BEGIN

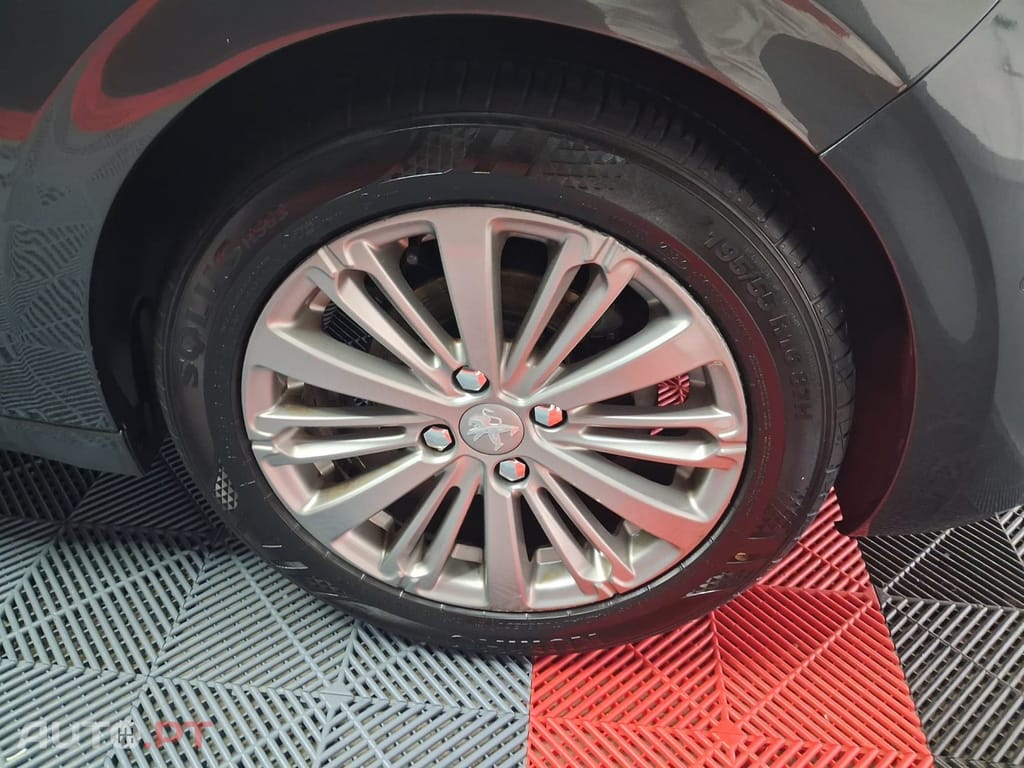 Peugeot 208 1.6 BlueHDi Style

END
BEGIN

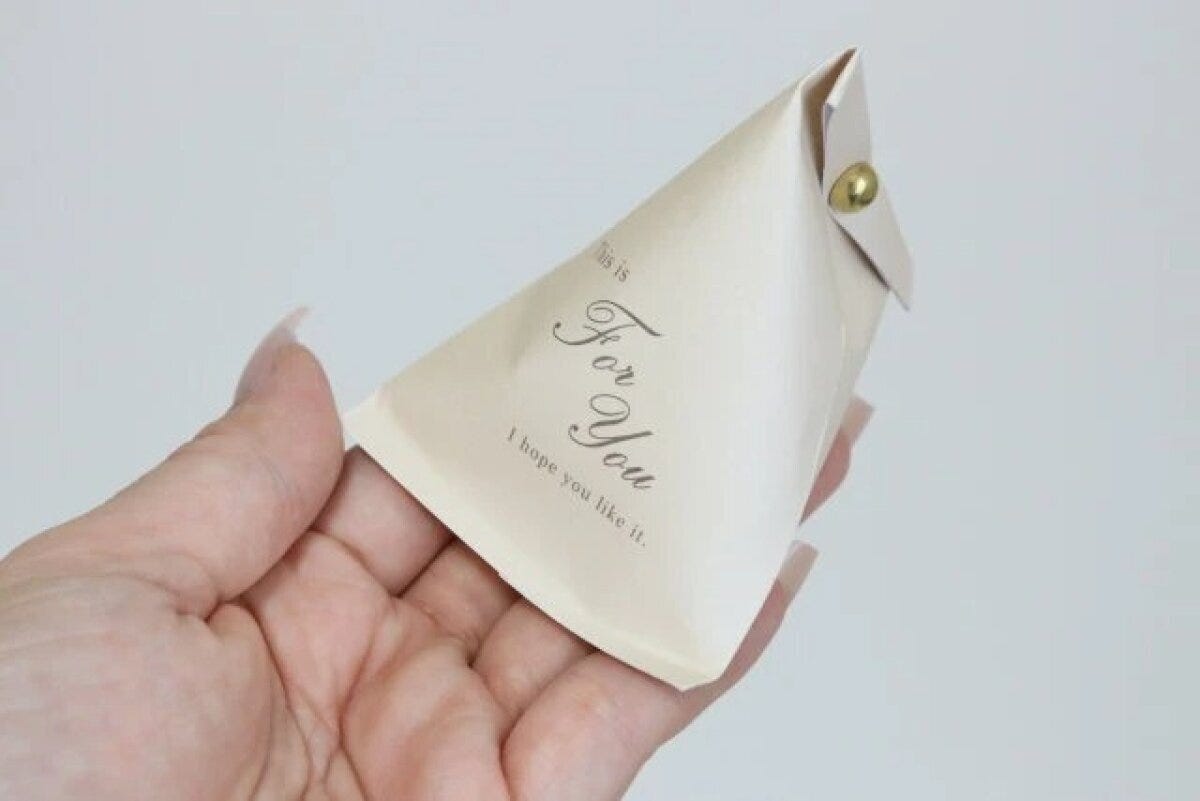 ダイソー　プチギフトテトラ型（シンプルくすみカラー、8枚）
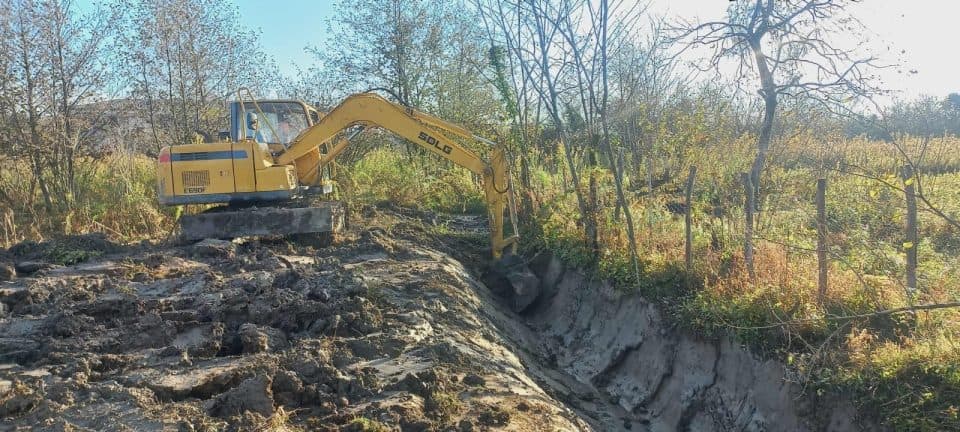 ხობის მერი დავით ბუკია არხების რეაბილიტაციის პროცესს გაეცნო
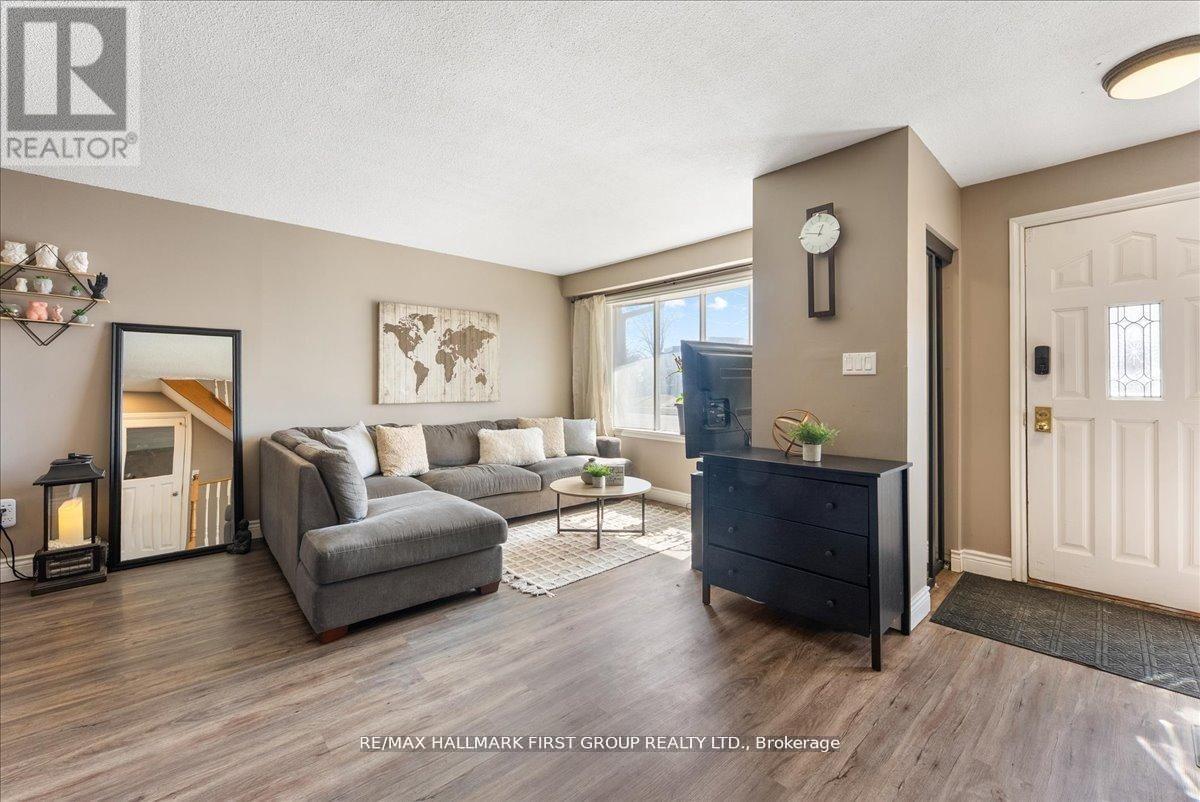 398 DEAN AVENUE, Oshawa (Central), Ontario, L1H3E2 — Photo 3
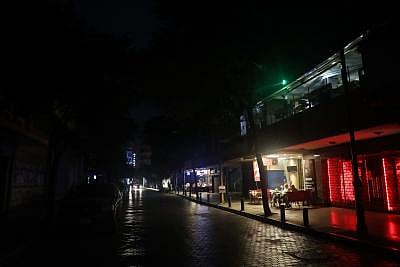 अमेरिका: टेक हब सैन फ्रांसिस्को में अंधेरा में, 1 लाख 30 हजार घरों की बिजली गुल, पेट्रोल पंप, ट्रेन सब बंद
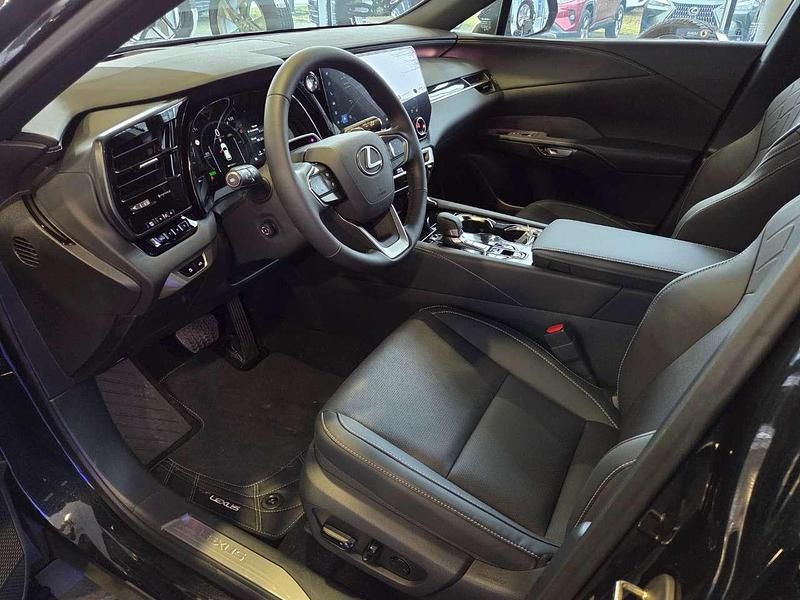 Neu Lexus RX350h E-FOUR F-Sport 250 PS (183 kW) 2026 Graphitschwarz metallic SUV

END

## Your assignment
With the pictures omitted, restate word for word the lines above from the line that has "अमेरिका: टेक हब" up to and including the line that has "Neu Lexus RX350h", and no other lines.

## The completed task
 अमेरिका: टेक हब सैन फ्रांसिस्को में अंधेरा में, 1 लाख 30 हजार घरों की बिजली गुल, पेट्रोल पंप, ट्रेन सब बंद
 Neu Lexus RX350h E-FOUR F-Sport 250 PS (183 kW) 2026 Graphitschwarz metallic SUV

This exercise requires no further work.